Maintaining school safety in a post-Columbine era is, indeed, a concern for school districts in light of the severe consequences that can arise from online harassing speech.
“Science would say that there are no boundaries for regulation of cyberbullying behavior, whether it takes place in the park or on a school campus,” said Fasig. “Yet the law draws arbitrary lines because it has to.
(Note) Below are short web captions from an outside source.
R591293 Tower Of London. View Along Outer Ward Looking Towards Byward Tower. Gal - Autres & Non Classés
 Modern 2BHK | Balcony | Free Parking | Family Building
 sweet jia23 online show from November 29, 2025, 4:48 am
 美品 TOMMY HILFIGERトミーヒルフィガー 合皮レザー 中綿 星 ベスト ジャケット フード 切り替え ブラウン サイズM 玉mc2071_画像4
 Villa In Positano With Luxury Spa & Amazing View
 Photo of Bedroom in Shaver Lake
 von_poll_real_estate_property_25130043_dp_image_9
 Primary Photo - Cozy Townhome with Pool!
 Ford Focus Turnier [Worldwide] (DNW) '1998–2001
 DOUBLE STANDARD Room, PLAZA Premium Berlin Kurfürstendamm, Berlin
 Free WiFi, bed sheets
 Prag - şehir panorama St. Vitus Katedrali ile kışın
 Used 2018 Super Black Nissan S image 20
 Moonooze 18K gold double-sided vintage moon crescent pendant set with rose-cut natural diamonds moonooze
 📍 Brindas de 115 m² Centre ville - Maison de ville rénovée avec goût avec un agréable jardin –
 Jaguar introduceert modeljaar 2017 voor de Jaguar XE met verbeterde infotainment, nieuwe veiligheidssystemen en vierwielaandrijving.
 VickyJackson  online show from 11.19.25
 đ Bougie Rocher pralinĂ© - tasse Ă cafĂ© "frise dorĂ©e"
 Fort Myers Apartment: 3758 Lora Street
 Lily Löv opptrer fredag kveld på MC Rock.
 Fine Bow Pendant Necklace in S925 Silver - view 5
The difficult thing is going to be defining this line because the digital era blurs it.”
The issue with these statutes is that cyberbullying often overlaps with off-campus expression, which brings up First Amendment concerns.
“The biggest issue, of course, is the First Amendment because, essentially, if you are creating ways for a school, which is a state actor, to punish a student — and the thing that the student is being punished for is expressive conduct — well then you have to justify that somehow under the First Amendment,” said Bauries. “And I’m not sure it can be justified legitimately unless cyberbullying rises to the level of fighting words, threats, or something like that.”
This is the crux of the cyberbullying debate and is perhaps why legislation, such as the “Megan Meier Cyberbullying Prevention Act,” has not been passed.
So the question becomes, is there another way to effectively regulate harmful cyberbullying behavior without extending the authority of the school district beyond schoolhouse gates?
Scott Bauries recommends the tort system as a better mechanism for targeting off-campus cyberbullying.
“Since school districts likely can’t constitutionally regulate this stuff, it seems like what the victims of cyberbullying might be left with, once everything shakes out and these policies get challenged in court, is the tort system, which creates all kinds of causes of action for invasion of privacy and defamation, and many of these types of cyberbullying might fall better under the tort system.”
Either way, federal legislation to control student behavior would hardly seem the way to go. It is unlikely to be effective in deterring children from engaging in cyberbullying behaviors.
“I doubt a 13-year-old girl who wants to pick on a classmate is going to say to herself, ‘Hey, like maybe I shouldn’t do this because, like you know, there’s like a federal law or something against it,’ ”Calvert said.